There was an effort in the seventies to lose the usage science fiction and champion speculative fiction. Of course, all fiction is speculative, and all history, too—endlessly subject to revision. Particularly given all of the emerging technology today, in a hundred years the long span of human history will look fabulously different from the version we have now. If things go on the way they’re going, and technology keeps emerging, we’ll eventually have a near-total sorting of humanity’s attic.

In my lifetime I’ve been able to watch completely different narratives of history emerge. The history now of what World War II was about and how it actually took place is radically different from the history I was taught in elementary school. If you read the Victorians writing about themselves, they’re describing something that never existed. The Victorians didn’t think of themselves as sexually repressed, and they didn’t think of themselves as racist. They didn’t think of themselves as colonialists. They thought of themselves as the crown of creation.

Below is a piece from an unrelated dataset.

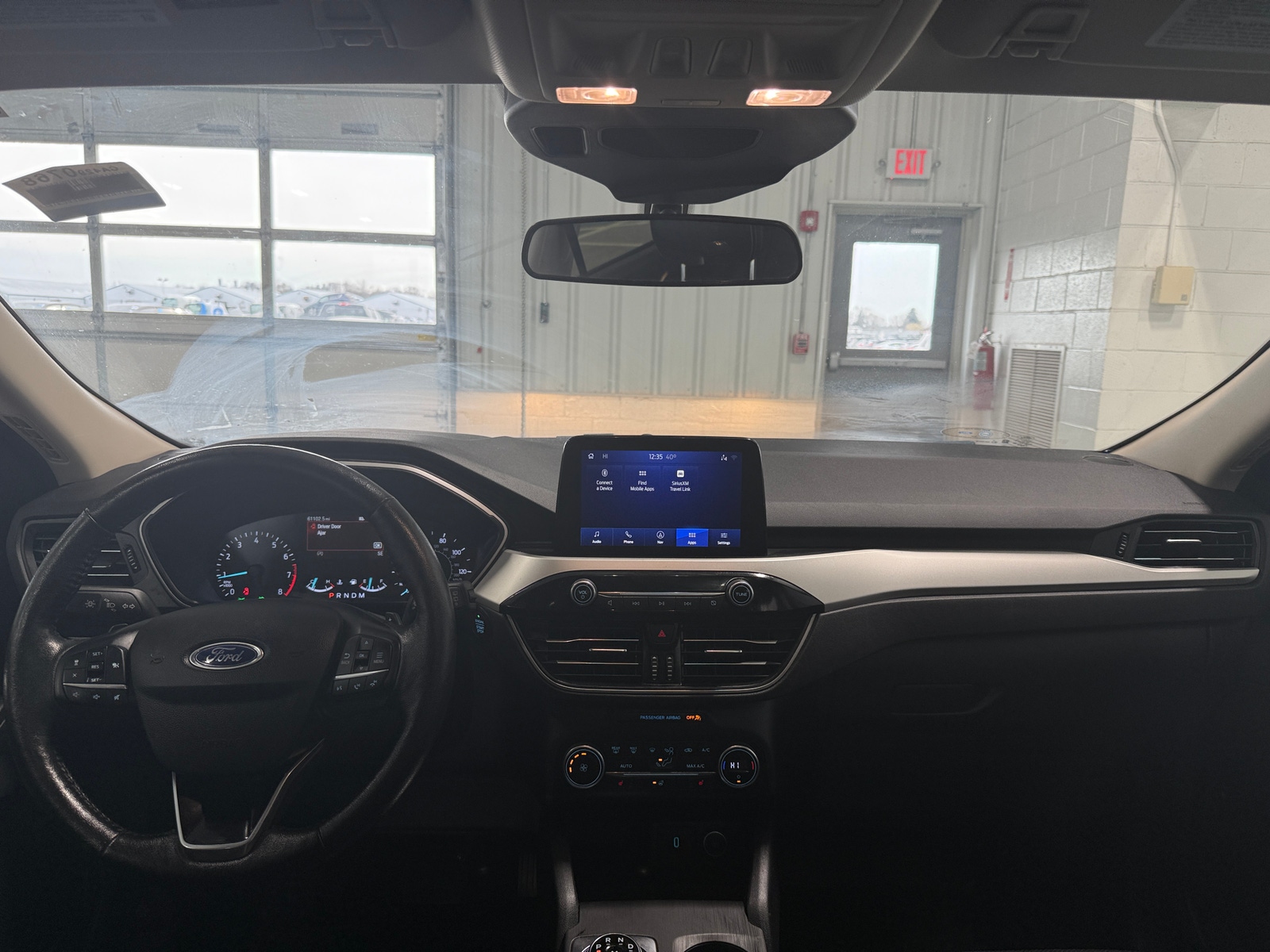 Thumbnail: 2020 Ford Escape - 3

Of course, we might be Victorians, too.

INTERVIEWER

The Victorians invented science fiction.

GIBSON

I think the popular perception that we’re a lot like the Victorians is in large part correct. One way is that we’re all constantly in a state of ongoing t­echnoshock, without really being aware of it—it’s just become where we live. The Victorians were the first people to experience that, and I think it made them crazy in new ways. We’re still riding that wave of craziness. We’ve gotten so used to emergent technologies that we get anxious if we haven’t had one in a while.

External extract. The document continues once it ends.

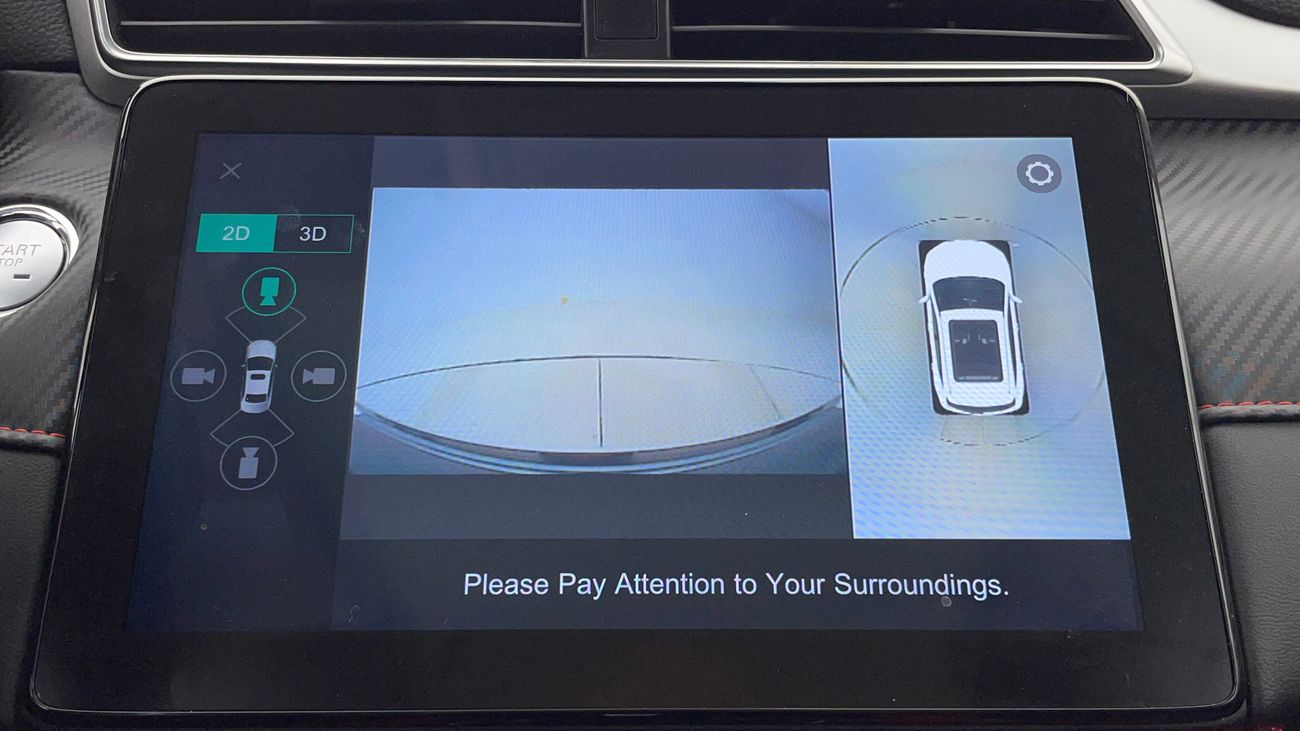 MG ZS LUXURY 1.3 | Zero Down Payment | Free Home Test Drive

But if you read the accounts of people who rode steam trains for the first time, for instance, they went a little crazy. They’d traveled fifteen miles an hour, and when they were writing the accounts afterward they struggled to describe that unthinkable speed and what this linear velocity does to a perspective as you’re looking forward. There was even a Victorian medical complaint called “railway spine.”

Emergent technologies were irreversibly altering their landscape. Bleak House is a quintessential Victorian text, but it is also probably the best steam­punk landscape that will ever be. Dickens really nailed it, especially in those proto-Ballardian passages in which everything in nature has been damaged by heavy industry. But there were relatively few voices like Dickens then. Most people thought the progress of industry was all very exciting. Only a few were saying, Hang on, we think the birds are dying.
When he decided to roll his own:
When I decided to try to write myself, in my late twenties, I went out and bought a bunch of newer science fiction—I hadn’t been reading the stuff for a long while. It was incredibly disappointing. That window to strangeness just didn’t seem to be there anymore. It was like, when I was twelve there was country blues, and when I’m twenty-six there’s plastic Nashville country—it was that kind of change. My intent, when I began to write, was to be a one-man science-fiction roots movement. I remember ­being horrified that critics who were taken quite seriously, at least within the genre, habitually referred to the category of all writing that was not science fiction or fantasy as “the mundane.” It didn’t make any sense to me. If there was mundane literature, then certainly a lot of it was science fiction. You know, if James Joyce is mundane but Edgar Rice Burroughs isn’t—I’m out of here.